The Science of Spying, an interactive exhibition devoted to modern espionage designed for children, held in London at the Science Museum and in the US at the Children’s Museum of Indianapolis.
The Science of Spying, an interactive exhibition devoted to modern espionage designed for children, was held in London at the Science Museum and in the US at the Children’s Museum of Indianapolis afterwards.
Designing an exhibition that will travel throughout the world has meant ensuring content is not specific to the UK and also making sure each element is as durable as possible. The duplicate 750 sq m show has been designed for maximum flexibility, offering an insight into spying techniques and exploring issues surrounding identity in modern society.

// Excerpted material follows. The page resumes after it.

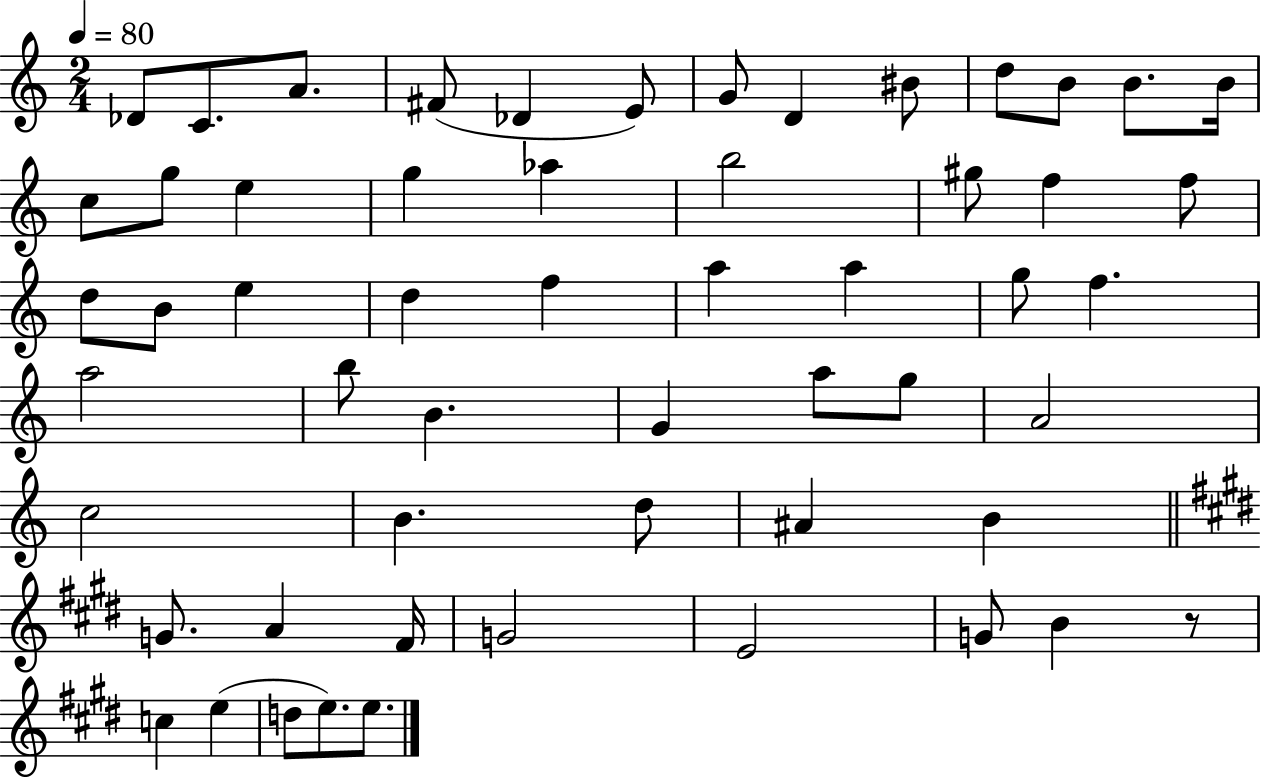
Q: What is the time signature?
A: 2/4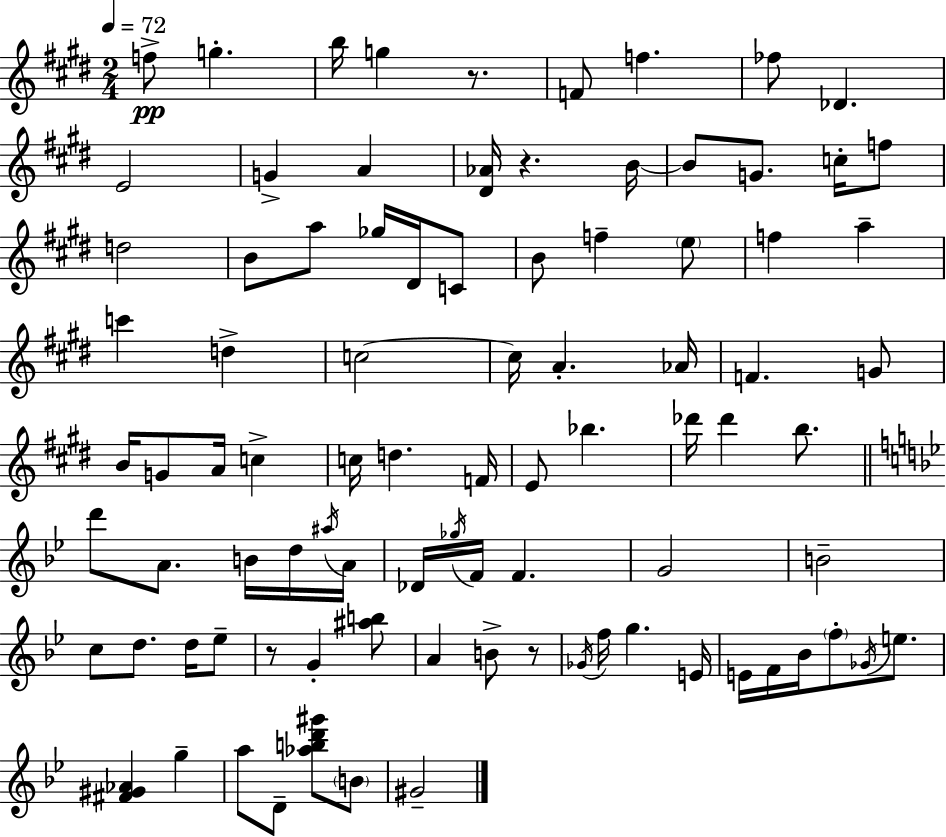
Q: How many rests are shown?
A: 4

Jump Studios won the job in a competitive pitch on the basis of the strong conceptual approach to the brief. Commissioned by the Science Museum’s exhibition arm The Science of…, the exhibition was arranged into seven zones, which took visitors through a spy mission from initial recruitment to final escape from a hostile facility.
The experience begins in the ticketing area outside the exhibition, known as the Recruitment zone, designed to resemble an innocuous street scene with magazine stands acting as ticket booths. The main entrance doors are disguised by industrial PVC strip curtains inset with three phone boxes with false backs.
Once inside, visitors are confronted by the Spy Skills zone, designed as an area to test nine core requirements to be a professional spy. A series of free-standing units finished in primary colours and shaped like Tetris blocks contain a range of puzzles both physical and digital. A maze of interactives are negotiated, encompassing such activities as dressing up, sifting through rubbish for clues and lock-picking.
The use of lightboxes and shadow effect graphics are intended to make it feel as if the zone is being negotiated by torchlight, reinforced by a lighting design using torch-like fittings.
Spy Tech is the third zone, which plays with concepts of scale with three main units: a giant computer, two surveillance vans and an array oversized illuminated keyboard keys, which vibrate and play harmonizing noises when sat upon.